Rácz A, Bajusz D, Héberger K
a Plasma Chemistry Research Group , Hungarian Academy of Sciences , Budapest , Hungary.
b Department of Applied Chemistry , Corvinus University of Budapest , Budapest , Hungary.
SAR QSAR Environ Res. 2015;26(7-9):683-700. doi: 10.1080/1062936X.2015.1084647. Epub 2015 Oct 5.

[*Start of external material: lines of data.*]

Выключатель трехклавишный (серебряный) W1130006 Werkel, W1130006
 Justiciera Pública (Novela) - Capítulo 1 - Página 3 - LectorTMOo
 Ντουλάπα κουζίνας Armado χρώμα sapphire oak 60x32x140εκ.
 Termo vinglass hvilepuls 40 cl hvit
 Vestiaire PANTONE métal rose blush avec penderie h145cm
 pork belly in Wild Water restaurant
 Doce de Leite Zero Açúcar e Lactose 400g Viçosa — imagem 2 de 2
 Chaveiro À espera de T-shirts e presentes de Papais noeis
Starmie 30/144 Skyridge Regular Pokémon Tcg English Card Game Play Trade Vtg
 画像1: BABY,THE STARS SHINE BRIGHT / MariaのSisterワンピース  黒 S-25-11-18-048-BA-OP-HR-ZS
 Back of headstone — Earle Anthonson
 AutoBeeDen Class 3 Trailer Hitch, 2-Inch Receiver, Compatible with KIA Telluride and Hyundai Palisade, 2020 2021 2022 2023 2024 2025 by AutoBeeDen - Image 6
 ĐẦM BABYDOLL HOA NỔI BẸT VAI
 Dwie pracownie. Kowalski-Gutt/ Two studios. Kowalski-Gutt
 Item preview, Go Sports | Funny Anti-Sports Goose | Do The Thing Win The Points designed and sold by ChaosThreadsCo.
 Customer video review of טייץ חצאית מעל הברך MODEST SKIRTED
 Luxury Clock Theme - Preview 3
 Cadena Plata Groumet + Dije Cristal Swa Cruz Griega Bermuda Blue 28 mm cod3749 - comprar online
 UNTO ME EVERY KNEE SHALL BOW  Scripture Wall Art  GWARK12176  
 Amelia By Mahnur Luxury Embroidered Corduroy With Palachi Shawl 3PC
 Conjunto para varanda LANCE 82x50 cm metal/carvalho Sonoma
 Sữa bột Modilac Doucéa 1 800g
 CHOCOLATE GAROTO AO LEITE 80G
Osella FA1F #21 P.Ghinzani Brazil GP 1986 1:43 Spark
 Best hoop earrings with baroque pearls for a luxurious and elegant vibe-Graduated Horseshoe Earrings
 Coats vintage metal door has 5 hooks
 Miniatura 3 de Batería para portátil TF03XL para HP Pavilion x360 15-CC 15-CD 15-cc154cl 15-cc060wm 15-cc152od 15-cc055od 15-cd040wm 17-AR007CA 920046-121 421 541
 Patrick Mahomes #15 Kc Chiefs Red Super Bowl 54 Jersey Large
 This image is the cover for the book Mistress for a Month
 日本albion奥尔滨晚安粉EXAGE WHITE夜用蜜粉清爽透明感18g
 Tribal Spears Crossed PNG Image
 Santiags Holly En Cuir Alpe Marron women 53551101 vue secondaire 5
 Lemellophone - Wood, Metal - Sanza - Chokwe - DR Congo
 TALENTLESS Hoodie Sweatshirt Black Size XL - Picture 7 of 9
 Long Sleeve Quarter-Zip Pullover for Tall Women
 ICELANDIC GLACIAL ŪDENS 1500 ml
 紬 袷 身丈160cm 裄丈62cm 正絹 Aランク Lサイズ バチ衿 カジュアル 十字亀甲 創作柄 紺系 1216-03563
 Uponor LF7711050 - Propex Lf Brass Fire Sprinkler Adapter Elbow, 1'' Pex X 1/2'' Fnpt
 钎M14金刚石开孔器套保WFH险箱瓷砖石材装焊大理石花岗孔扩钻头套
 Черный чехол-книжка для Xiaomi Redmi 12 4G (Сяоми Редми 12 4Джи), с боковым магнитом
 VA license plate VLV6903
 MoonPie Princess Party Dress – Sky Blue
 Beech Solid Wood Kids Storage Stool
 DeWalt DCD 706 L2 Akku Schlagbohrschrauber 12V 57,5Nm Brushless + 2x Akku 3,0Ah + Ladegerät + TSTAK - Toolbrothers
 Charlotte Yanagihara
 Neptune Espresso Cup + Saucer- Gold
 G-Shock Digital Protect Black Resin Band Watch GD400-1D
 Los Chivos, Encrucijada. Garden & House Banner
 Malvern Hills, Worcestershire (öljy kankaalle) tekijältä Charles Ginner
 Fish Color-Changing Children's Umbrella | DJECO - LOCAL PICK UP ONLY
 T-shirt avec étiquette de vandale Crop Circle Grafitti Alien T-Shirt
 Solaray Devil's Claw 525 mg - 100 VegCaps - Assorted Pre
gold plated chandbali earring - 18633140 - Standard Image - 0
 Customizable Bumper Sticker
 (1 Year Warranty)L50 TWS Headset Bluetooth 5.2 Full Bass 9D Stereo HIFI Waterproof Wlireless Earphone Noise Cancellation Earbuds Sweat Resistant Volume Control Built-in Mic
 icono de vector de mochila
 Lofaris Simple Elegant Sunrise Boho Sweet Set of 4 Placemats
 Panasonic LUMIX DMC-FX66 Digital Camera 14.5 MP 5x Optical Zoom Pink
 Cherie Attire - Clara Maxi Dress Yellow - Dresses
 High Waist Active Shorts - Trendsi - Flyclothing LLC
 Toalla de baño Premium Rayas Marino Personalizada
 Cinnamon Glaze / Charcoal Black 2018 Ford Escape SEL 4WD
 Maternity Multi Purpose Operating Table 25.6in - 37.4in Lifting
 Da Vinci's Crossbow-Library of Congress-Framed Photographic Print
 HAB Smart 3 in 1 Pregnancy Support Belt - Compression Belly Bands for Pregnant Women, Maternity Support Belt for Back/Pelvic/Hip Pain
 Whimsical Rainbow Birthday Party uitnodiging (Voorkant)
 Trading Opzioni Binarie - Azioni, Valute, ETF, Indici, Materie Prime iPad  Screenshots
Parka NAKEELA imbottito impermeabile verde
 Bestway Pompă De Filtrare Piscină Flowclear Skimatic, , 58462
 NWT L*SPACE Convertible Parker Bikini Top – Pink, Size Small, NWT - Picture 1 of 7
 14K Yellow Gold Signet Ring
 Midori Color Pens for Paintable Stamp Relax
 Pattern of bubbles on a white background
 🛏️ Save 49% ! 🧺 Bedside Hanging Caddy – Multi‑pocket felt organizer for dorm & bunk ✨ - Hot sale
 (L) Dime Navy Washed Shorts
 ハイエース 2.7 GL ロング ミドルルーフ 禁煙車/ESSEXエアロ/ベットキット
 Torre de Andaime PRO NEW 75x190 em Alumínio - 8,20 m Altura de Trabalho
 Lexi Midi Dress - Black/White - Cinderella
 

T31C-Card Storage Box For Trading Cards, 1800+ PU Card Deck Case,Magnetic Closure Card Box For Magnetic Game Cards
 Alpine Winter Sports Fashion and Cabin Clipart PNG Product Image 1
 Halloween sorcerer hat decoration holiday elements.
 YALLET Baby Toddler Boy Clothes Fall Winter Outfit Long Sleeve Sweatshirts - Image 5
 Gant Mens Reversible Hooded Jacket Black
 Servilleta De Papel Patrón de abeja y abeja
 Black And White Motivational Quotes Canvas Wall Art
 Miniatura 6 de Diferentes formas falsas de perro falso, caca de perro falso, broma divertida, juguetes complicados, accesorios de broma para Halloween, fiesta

Recent implementations of QSAR modelling software provide the user with numerous models and a wealth of information. In this work, we provide some guidance on how one should interpret the results of QSAR modelling, compare and assess the resulting models, and select the best and most consistent ones. Two QSAR datasets are applied as case studies for the comparison of model performance parameters and model selection methods. We demonstrate the capabilities of sum of ranking differences (SRD) in model selection and ranking, and identify the best performance indicators and models. While the exchange of the original training and (external) test sets does not affect the ranking of performance parameters, it provides improved models in certain cases (despite the lower number of molecules in the training set). Performance parameters for external validation are substantially separated from the other merits in SRD analyses, highlighting their value in data fusion.
近期定量构效关系(QSAR)建模软件的实现为用户提供了众多模型和丰富信息。在本研究中,我们就如何解释QSAR建模结果、比较和评估所得模型以及选择最佳且最一致的模型提供了一些指导。应用两个QSAR数据集作为案例研究,以比较模型性能参数和模型选择方法。我们展示了排名差异总和(SRD)在模型选择和排名中的能力,并确定了最佳性能指标和模型。虽然原始训练集和(外部)测试集的交换不会影响性能参数的排名,但在某些情况下它能提供改进的模型(尽管训练集中的分子数量较少)。在SRD分析中,外部验证的性能参数与其他优点显著分开,突出了它们在数据融合中的价值。